Nathan tahmin ettiğim gibi ön koltuğa oturacaktı.Arka kapıyı benim için açtı.Hızla içeri attım kendimi.O'nun arabaya binmesini bekledim.Kapımın fark edilmeyecek kadar açık durması için büyük bir çaba sarfederken.Sanki her şey yavaş çekimde ilerliyordu.Kalp atışlarım kulaklarımda yankılanıyordu.Nathan arabaya bindiği an kendimi arabadan dışarı attım.Bunun bana koşmam için zaman kazandırmasını umut ediyordum.Tüm gücümle koşuyordum.Karşıya baktım.Yaklaşık 10 metre sonra ileride yol ikiye ayrılıyordu.Nathan'ın bana ne kadar yaklaştığını merak ediyordum ama geriye dönüp bakmak bana zaman kaybettirebilirdi.Etraftaki insanların bakışlarını umursamadan koşmaya devam ettim.Nefesim yetmiyordu.Arkamdan bağıran Nathan'ın sesinin yakından gelmesi beni daha fazla panikletmeye yetmişti.Ayrıma gelince düşünmeden sola saptım.Sonunu göremediğim kadar uzun yolun sağı duvardı.Solumda aralıklarla kapılar vardı. Ilk gördüğüm kapıyı ittirdim.Koşarak girdiğimden olacak kapının yakınındakiler bana huzursuzca baktılar.Nefes nefese kalmıştım.Bana yetişmesi an meselesiydi.Hemen sağdaki koridora daldım.Gördüğüm ilk odaya girdim.Fakat geçen seferki gibi şanslı değildim.Içeride doktor olduğunu tahmin ettiğim beyaz önlüklü bir adam vardı.Beni görünce kaşları çatıldı.Odama böyle dalamazsınız küçük hanım hastam var." Masanın üzerinde gördüğüm telefonu kaptığım telefondan annemin numarasını çevirdim.Doktor telefonunu bırakmam gerektiğine ve beni şikayet edeceğine dair şeyler söylüyordu.Telefonu kulağıma götürdüğüm an odaya Nathan daldı.Bana dehşetle bakıyordu.Köşeye sıkışmıştım.Ama şuan sorunum kaçamamak değildi telefonda duyduklarımdı.
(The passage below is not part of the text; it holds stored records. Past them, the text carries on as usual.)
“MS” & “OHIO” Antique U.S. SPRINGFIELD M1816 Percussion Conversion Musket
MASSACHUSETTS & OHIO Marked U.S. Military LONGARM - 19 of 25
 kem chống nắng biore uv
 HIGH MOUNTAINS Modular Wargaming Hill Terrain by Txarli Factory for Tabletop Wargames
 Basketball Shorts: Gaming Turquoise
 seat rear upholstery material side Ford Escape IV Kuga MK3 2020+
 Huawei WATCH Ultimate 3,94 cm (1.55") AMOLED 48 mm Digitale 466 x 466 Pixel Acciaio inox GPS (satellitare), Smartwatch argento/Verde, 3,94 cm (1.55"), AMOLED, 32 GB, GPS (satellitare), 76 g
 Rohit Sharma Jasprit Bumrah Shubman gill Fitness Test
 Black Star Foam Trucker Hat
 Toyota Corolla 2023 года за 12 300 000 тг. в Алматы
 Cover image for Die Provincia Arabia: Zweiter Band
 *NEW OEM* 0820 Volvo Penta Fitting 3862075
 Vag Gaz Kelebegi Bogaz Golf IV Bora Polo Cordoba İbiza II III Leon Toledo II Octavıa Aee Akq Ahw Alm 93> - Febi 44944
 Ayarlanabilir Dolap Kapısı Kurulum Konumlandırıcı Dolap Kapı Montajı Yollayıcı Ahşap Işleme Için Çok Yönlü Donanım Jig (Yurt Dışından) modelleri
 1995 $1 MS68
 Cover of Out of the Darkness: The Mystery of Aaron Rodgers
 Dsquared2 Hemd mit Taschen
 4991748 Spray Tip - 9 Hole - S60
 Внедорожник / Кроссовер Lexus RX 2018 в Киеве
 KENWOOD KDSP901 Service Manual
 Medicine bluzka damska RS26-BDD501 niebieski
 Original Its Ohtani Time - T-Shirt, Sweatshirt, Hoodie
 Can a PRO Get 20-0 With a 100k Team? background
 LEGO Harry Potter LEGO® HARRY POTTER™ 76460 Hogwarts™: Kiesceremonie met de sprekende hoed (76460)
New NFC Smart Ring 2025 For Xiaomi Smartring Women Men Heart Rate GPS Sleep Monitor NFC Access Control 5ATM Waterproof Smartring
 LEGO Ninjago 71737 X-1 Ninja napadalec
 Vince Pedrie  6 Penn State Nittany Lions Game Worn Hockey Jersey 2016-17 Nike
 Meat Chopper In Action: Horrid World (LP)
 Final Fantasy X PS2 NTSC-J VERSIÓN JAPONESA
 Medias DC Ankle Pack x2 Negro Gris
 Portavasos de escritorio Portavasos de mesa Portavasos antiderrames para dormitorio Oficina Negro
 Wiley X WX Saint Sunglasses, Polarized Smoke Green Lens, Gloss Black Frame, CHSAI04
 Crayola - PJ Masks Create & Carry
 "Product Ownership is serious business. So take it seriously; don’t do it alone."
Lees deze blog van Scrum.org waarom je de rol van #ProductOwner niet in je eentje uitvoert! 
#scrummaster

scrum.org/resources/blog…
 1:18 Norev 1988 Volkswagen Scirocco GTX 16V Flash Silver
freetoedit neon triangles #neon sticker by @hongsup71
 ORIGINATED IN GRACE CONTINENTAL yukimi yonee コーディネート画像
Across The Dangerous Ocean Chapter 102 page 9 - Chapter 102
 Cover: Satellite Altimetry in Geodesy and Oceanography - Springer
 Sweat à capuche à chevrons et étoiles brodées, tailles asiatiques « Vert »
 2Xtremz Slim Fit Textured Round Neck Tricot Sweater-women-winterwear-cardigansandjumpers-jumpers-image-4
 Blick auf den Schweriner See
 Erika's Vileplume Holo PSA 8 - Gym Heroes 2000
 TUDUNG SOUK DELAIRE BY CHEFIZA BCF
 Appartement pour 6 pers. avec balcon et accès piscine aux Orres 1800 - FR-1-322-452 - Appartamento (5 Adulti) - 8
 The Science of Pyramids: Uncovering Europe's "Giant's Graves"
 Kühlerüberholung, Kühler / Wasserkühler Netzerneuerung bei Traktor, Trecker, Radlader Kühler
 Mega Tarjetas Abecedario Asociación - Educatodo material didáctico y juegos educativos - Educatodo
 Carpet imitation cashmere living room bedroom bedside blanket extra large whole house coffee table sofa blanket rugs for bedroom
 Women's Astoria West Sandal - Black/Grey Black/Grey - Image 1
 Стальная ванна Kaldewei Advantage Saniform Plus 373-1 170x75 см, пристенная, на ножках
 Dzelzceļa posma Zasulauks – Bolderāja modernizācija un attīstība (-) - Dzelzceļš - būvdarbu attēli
'Lütfen Triffin alan kodunu girerek aramalarınızı yapınız.'
Nathan bir kaç adımda yanıma gelmişti.Sadece gözlerine bakıyordum.Beynim kulaklarımın duyduklarını inkar etmek istiyordu.
"Hayır." Ayaklarımın beni taşıyamadığını hissediyordum.
"Olamaz." Göz yaşlarımı durduramıyordum.Gözlerim kararıyor, kulaklarım uğulduyordu.Hayatım ellerimden bu kadar kolay kayıp gidemezdi.Tutunmalıydım ona bırakmamalıydım.Ben buraya ait değildim.Titreyen bacaklarım beni taşımayı reddetmişlerdi.Nathan yere düşmemem için kollarımdan beni kavramıştı."Bırak beni."dedim gözlerim kapalı şekilde.Zihnime söz geçiremiyordum."Ben buraya ait değilim." diye mırıldandım nefesimin son kırıntılarıyla.Nathan başımı eliyle omzuna bastırdı.Kollarıyla güçsüz bedenimi sardı.Kaçmak istedikçe daha fazla batıyordum bu dünyaya ve O'na. "Bırak dedim.Bırak beni gideyim." sesimi duymuş muydu.Cümleler dilimden dökülmüş müydü bilmiyordum.